Заставили? Заморочили? Он ведь собой хорош и… и жалость жалостью, а работа — работой.
— Ой! Больно!
— Терпи, Себастьянушка, дальше оно легче пойдет. Вот, обопрись… и расслабься, кому сказал!
— Может, мне еще удовольствие получать от этого… процесса?
— Это уже сам решай…
— Знаете, Аврелий Яковлевич, от вас я такого не ожидал, — ворчливо произнес Себастьян, но голос его сорвался, а затем донесся тяжелый, нечеловеческий просто стон. И Гавел рискнул. Отодвинув гардину, он сделал снимок… и еще один… и замерший палец вновь и вновь нажимал на спуск.
Камера щелкала.
А Гавел думал, что ему, верно, придется взять отпуск… и вовсе переехать на месяцок-другой, пока все уляжется… не то ведь закопают… не одни, так другие…
…скандал выйдет знатный.
Он видел просторную и светлую комнату, с обоями по последней моде, тиснеными да лакированными, облагороженную тремя зеркалами в массивных рамах.
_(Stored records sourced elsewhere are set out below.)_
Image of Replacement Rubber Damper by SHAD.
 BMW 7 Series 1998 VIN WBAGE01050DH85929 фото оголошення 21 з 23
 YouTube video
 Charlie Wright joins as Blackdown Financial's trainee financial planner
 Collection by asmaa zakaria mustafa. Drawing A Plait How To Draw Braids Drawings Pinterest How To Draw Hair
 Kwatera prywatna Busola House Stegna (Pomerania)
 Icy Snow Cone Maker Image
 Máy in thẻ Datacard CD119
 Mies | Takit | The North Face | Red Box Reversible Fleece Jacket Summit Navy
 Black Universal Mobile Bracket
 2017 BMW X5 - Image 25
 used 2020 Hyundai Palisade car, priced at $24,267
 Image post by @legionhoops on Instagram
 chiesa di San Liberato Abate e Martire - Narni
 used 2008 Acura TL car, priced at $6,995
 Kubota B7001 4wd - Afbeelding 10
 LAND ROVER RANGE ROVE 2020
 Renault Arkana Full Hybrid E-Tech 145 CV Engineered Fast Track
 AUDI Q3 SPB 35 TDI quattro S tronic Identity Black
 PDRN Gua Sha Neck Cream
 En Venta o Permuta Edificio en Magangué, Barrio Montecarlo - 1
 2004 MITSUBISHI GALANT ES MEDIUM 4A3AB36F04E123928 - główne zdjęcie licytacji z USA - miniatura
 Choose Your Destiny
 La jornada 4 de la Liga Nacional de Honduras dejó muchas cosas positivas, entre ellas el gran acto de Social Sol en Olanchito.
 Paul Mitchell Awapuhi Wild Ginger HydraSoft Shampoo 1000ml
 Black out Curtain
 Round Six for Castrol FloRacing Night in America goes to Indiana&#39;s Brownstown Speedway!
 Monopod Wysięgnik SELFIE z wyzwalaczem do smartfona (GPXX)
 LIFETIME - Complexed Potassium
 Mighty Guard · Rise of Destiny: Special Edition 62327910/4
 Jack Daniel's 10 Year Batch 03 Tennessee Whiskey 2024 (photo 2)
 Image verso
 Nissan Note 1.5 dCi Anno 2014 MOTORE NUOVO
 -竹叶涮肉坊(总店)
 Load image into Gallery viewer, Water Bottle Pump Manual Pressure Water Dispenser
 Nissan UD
И в зеркалах этих отражалась низенькая софа с презаковыристыми ручками, шелковая расписная ширма, а также обнаженный Себастьян, в стену упершийся. За ним же стоял Аврелий Яковлевич, не то обнимая, не то прижимая худощавого князя к груди. Грудь была голой, медно-красной и покрытой кучерявым рыжим волосом.
На мускулистом предплечье ведьмака синела татуировка — пара обнаженных русалок, что сплелись в объятьях женской противоестественной любви.
Русалок Гавел заснял отдельно.
— От же ж холера… — с огорчением произнес ведьмак, почти позволяя своей жертве сползти на пол. — И в кого ж ты такой малохольный?
Гавел беззвучно отступил от окна.
…и на карачках попятился прочь, не обращая больше внимания ни на пахучий жасмин, ни на влажную землю, которой брюки измарались. Кое-как добрался до заветной дверцы, и вышел, сам не веря своему счастью.
Он прижимал к груди драгоценную камеру.
И кристалл с записью.
В редакцию он успеет, вот только… Гавел не был уверен, рискнет ли главный редактор с подобным материалом связываться. Статеку писал быстро, буквально на колене, и против обыкновения слова находились легко, а перед глазами так и стояло искаженное мукой лицо ненаследного князя.
Главный редактор, пробежавшись глазами по статье, глянув на снимки, к ней приложенные, вздохнул тяжко-тяжко.
— Умеешь ты, Гавел, находить сенсации на свою задницу…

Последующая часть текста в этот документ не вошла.